7 Ekim 2023 gününden bu yana hemen her gün uçaklardan attıkları bombalarla, Gazze'yi harabeye çeviren; Mescid-i Aksa'da ibadet için gelen Müslümanlara karşı insanlık dışı muameleyi reva gören, yanlarına aldıkları ABD ve diğer Avrupa ülkelerinin desteğiyle Filistin topraklarında görülmemiş zulüm ve vahşete imza atan işgalci ve terör devleti İsrail'in, akıl almaz saldırıları haberlerini alıyoruz, ekranlardan izliyoruz günlerdir...
Rakamlar, çoğu çocuk ve kadın yedi bini aşkın can kaybı, yirmi binden fazla yaralıya dikkat çekerken otuz bin gibi yüksek sayıdaki evin harab olduğunu işaret ediyor. Masum sivillerin hayatına kast eden zalimlere hiç kimse engel olamadığı gibi yanlarına aldıkları ABD ve diğer ülkelerden; dünyaca meşhur şirketlerden destek görmeleri de ayrı bir hüzün kaynağı… Sözün tam anlamını bulduğu, masumların öldürüldüğü ve "insanlığın öldüğü" yer, Filistin toprakları şimdi…
Günlerdir dünyada ve ülkemizde, zalim İsrail'in soykırıma dönüşen savaş ilanı ve vahşi saldırıları düzenlenen gösterilerle protesto edildi. İnsanlar, ilk günden itibaren bölgedeki yardım kuruluşları aracılığıyla bölgedeki temsilciliklere para ve ayni yardımlar ulaştırmaya başladı. Ancak bunlar sadece hayatta kalabilenler ve yaralılar için işe yaradı. Moral desteği olarak bir metanet vesilesi oldu, bir şifa vasıtası… Hepsi bu kadar!.. Ne bir füzesine engel olunabildi ne kurşununa ne de fosfor bombasına, zalimin… Adına "Birleşmiş Milletler" denilen teşkilat, bir kınamayı bile çok görürken, ne İslam Ülkeleri İşbirliği Teşkilatı bir aksiyon alabildi ne de bir İslam ülkesinden inisiyatif çıkabildi vesselam…

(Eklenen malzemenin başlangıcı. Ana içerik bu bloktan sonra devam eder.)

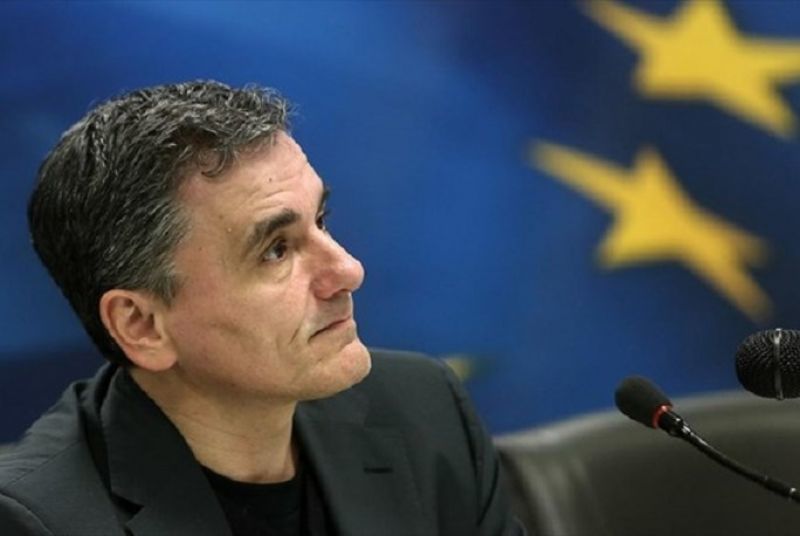Έξοδος στις αγορές και QE, οι πονοκέφαλοι της κυβέρνησης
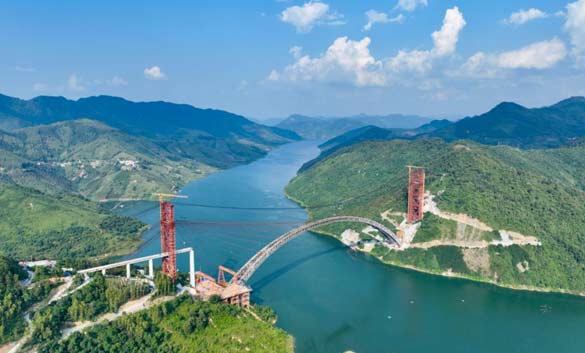 世界最大跨度铁路专用拱桥拱肋合龙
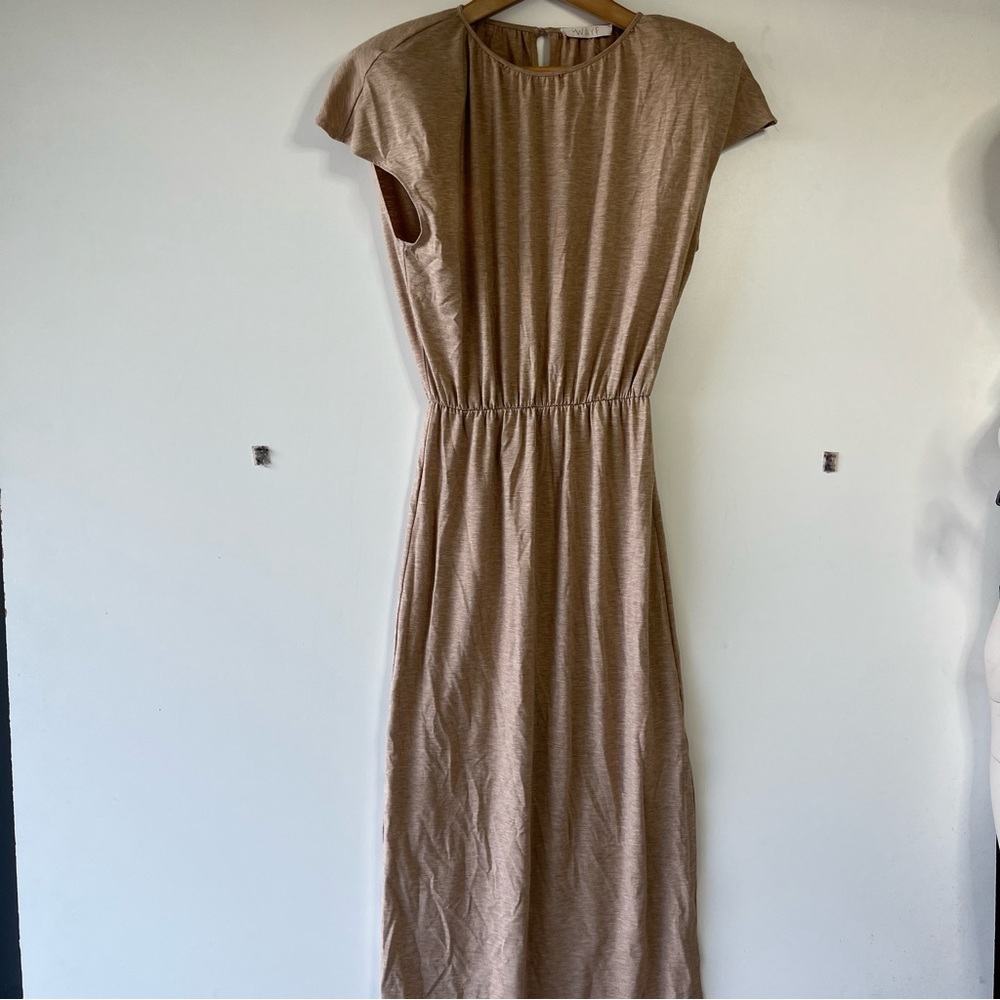 Wayf tan padded shoulder midi dress - Picture 3 of 6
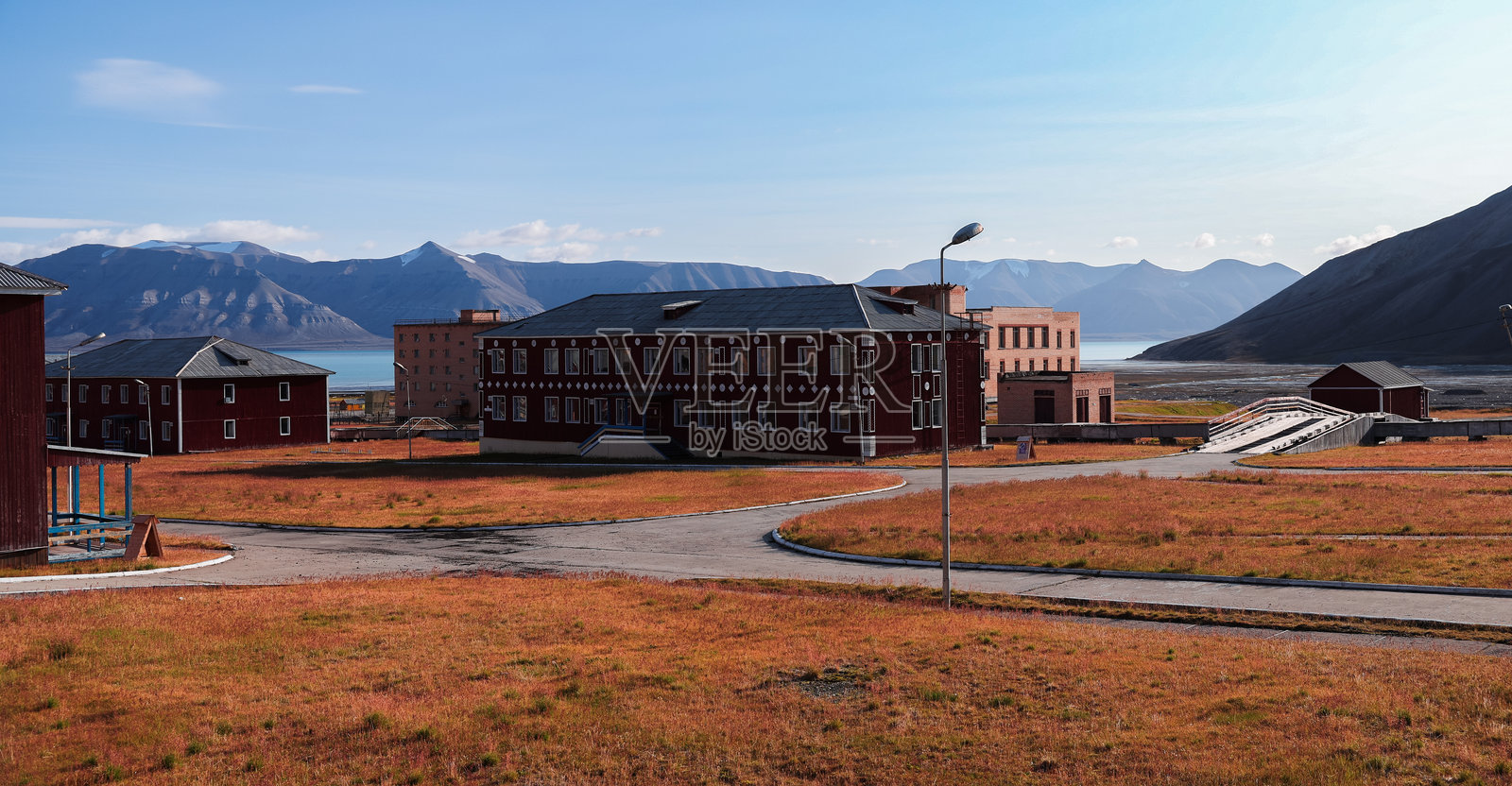 在白昼时分探索斯瓦尔巴群岛皮拉米登的废弃建筑和风景照片摄影图片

Bugüne kadar sürecin ta başından beri ülkemizin gerek devlet adamları gerekse halkıyla, Filistinli kardeşlerinin derdiyle dertlenme konusunda hassasiyet gösterdiği, çaba sarfettiği ve elinden geleni yapma konusunda gayretli olduğunu gördük. Bu hakkı teslim etmek gerek. Ancak aslında zaten bir müslümanın sahip olması gereken şuur ve taşıması icab eden bir nitelik bu… Çünkü "kardeşinin derdiyle dertlenmek" meselesi, sonu "aidiyyet" konusuna dayanan önemli bir mesele… Konuya dair uzun şeyler söylenebilir, ayet ve hadisler ortaya konabilir. Ama biz sadece bir hadis-i şerifle yetineceğiz bugün…

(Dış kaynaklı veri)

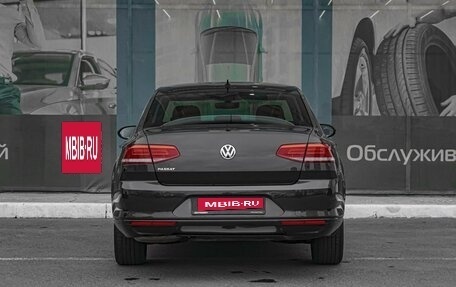 Volkswagen Passat B8 рестайлинг, 2019 год, 2 099 000 рублей, 4 фотография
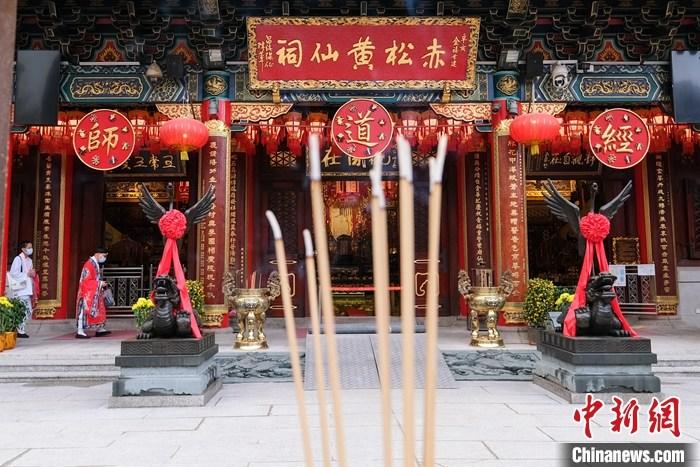 香港黄大仙祠将复办"头炷香"等新春盛事|香港|黄大仙|中新社_新浪新闻
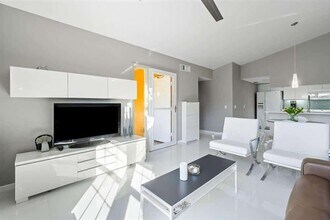 119 Waterside Dr in Hypoluxo, FL - Building Photo - Building Photo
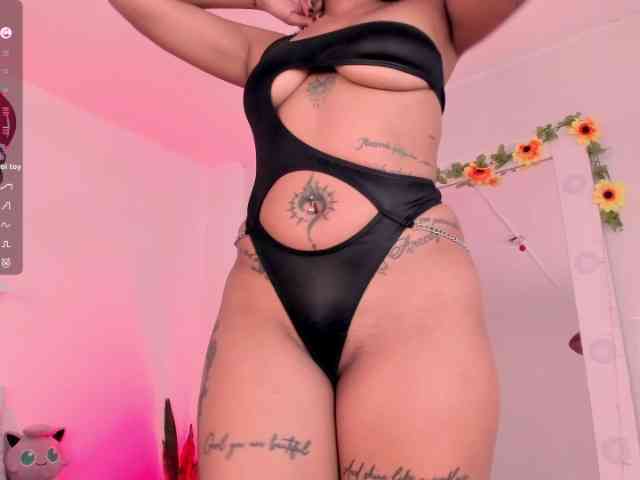 AlanaJohnson webcam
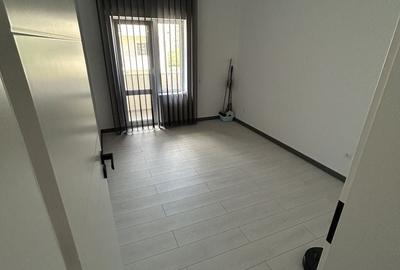 Apartament cu 3 camere decomandat în Central - 1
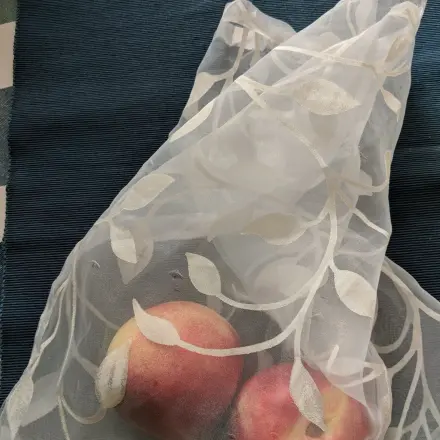 Netze für Obst und Gemüse aus Gardinen-Resten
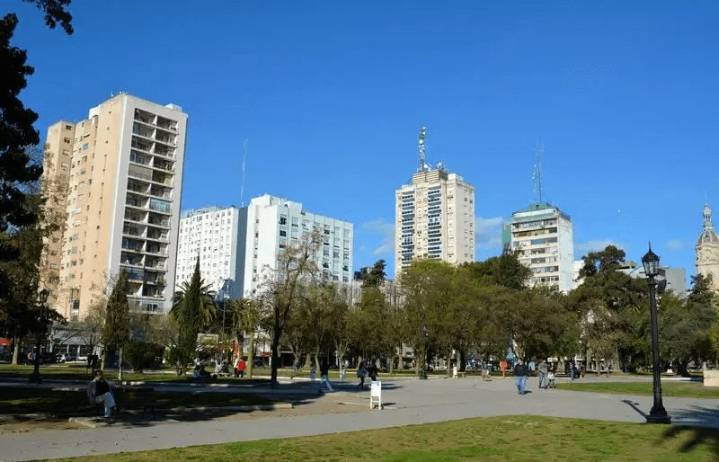 Buen clima este sábado con cielo despejado y algo de viento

"Kardeşinin derdiyle dertlenmeyen" hadisi bize ne söyler?
İslam Peygamberi Hz. Muhammed (sav) Efendimiz bir hadis-i şerifinde şöyle buyurmuştu: "Men lâ yehtemmu bi derdi ahîhi feleyse minhüm." Hadis-i şerifi "Kardeşinin derdiyle dertlenmeyen, onlardan sayılmaz." cümlesiyle tercüme edebiliriz. Ashab-ı kiram da sonradan bu hadise muhatap olan müslümanlar da çok iyi bilirler ki Allah'ın, "birbirlerine kardeş kıldığı" müminlerdir, burada muhataplar… Böylece hadis-i şerifde şöyle bir hakikat ortaya çıkıyor: "Kim müslüman kardeşinin derdiyle ilgilenmez, dertlenmez ve onu önemsemezse, Müslümanlardan sayılmaz." Dolayısıyla, kişiyi mümin ve müslüman aidiyyetine vesile kılan hususlardan biri de kardeşinin derdiyle dertlenmek vasfına sahip olmaktır…
Bunu önemli bir uyarı olarak kabul eden müslüman toplumlar, zaman içinde İslam Medeniyeti'ni ortaya koyarken, din kardeşinin derdini her ne suretle olursa olsun önemsemiş ve derdine çare olmanın gayretini göstermiştir. Osmanlı; ecdadımız, bunun en güzel ve manidar örneklerini sergilemiştir, diyebiliriz. Özellikle Afrika kıtasında, Pasifik ve Uzak Doğu'da; dünyanın farklı ülkelerinde nerede bir Osmanlı eseri varsa hiç şüpheniz olmasın o eser, "kardeşinin derdiyle dertlenmek" şuuruyla oraya kazandırılmış, derde derman, sıkıntıya çare olması amacıyla yapılmıştır…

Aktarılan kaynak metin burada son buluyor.